In my experience, when people ask if you believe in God, what they really want to know is whether or not you believe in the same god they do. Of course, if it's an atheist asking the question, they're probably just setting you up - if you say "yes", they'll take it as an invitation to tell you how ignorant you are.

So, by and large, I don't take the question seriously - I really can't see the sense in it - though I appreciate some people do.

Sam Harris (author of “The End of Faith: Religion, Terror, and the Future of Reason”) clearly does take the question seriously. And, in "An Atheist Manifesto" he sets out his stall.

One of the greatest challenges facing civilization in the 21st century is for human beings to learn to speak about their deepest personal concerns--about ethics, spiritual experience and the inevitability of human suffering--in ways that are not flagrantly irrational.
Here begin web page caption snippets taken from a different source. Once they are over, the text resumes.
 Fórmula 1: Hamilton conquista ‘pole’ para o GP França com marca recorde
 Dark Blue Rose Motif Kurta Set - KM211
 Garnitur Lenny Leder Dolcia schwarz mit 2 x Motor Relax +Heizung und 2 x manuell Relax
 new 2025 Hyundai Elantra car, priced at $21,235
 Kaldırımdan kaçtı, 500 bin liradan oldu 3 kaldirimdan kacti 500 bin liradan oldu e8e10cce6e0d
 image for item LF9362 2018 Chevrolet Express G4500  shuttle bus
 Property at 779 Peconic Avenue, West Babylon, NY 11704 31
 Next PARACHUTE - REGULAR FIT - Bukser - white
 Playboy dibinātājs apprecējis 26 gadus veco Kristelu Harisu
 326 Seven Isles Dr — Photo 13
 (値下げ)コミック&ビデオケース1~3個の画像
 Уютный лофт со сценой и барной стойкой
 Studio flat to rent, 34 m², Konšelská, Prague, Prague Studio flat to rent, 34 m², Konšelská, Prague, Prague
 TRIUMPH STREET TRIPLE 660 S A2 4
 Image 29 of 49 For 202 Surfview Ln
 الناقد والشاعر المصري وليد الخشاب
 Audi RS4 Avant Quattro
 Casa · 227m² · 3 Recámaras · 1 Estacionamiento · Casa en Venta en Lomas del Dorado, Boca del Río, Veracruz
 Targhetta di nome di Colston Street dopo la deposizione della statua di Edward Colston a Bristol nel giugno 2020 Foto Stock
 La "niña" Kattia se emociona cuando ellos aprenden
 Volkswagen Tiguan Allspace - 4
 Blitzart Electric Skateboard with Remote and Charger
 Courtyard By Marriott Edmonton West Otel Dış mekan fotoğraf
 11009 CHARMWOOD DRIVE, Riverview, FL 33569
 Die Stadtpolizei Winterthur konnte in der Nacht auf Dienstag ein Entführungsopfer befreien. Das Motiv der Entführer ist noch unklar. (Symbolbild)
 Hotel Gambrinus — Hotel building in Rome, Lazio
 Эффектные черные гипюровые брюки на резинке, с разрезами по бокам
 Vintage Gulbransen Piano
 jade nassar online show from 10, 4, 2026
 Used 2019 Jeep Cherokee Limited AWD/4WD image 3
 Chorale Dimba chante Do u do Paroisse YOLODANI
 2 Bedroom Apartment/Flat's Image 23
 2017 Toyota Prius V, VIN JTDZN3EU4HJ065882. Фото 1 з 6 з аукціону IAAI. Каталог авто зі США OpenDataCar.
Nothing stands in the way of this project more than the respect we accord religious faith. Incompatible religious doctrines have balkanized our world into separate moral communities--Christians, Muslims, Jews, Hindus, etc.--and these divisions have become a continuous source of human conflict. Indeed, religion is as much a living spring of violence today as it was at any time in the past.
So, what's the solution? For Harris, it seems, the answer lies in some grand public inquisition:-
[T]he 260 million Americans (87% of the population) who claim to never doubt the existence of God should be obliged to present evidence for his existence and, indeed, for his benevolence, given the relentless destruction of innocent human beings we witness in the world each day.
If this is meant to be a serious suggestion then I'm wrong to call it blustering rhetoric, but the idea of putting God on trial for Human Rights abuse is neither original nor realistic, and it seems unnecessarily confrontational. But far be it from me to get in the way when Harris is in full swing.
Only the atheist recognizes the boundless narcissism and self-deceit of the saved. Only the atheist realizes how morally objectionable it is for survivors of a catastrophe to believe themselves spared by a loving God while this same God drowned infants in their cribs. Because he refuses to cloak the reality of the world’s suffering in a cloying fantasy of eternal life, the atheist feels in his bones just how precious life is--and, indeed, how unfortunate it is that millions of human beings suffer the most harrowing abridgements of their happiness for no good reason at all.
To which I would add: Only a certain type of atheist imagines that it's helpful to liken religious believers to deluded narcissists, sectarian bigots and brainwashed morons. In other words, the Atheist Manifesto does little to advance the dialogue that Harris believes is so desparately important. His Manifesto is a confused diatribe that holds religion to be the root of all evil in the world - this is "obvious" to Harris, which is presumably why he makes no attempt to substantiate the charge. Instead, he simply raises Atheism aloft as the one, true way.
Atheism is nothing more than a commitment to the most basic standard of intellectual honesty: One’s convictions should be proportional to one’s evidence. Pretending to be certain when one isn’t--indeed, pretending to be certain about propositions for which no evidence is even conceivable--is both an intellectual and a moral failing. Only the atheist has realized this. The atheist is simply a person who has perceived the lies of religion and refused to make them his own.
So, according to Harris, atheists are right and everyone else is an intellectual and moral failure. And he's saying religions are divisive!? Yeesh! I hate to think what he'd make of Grapefruitism.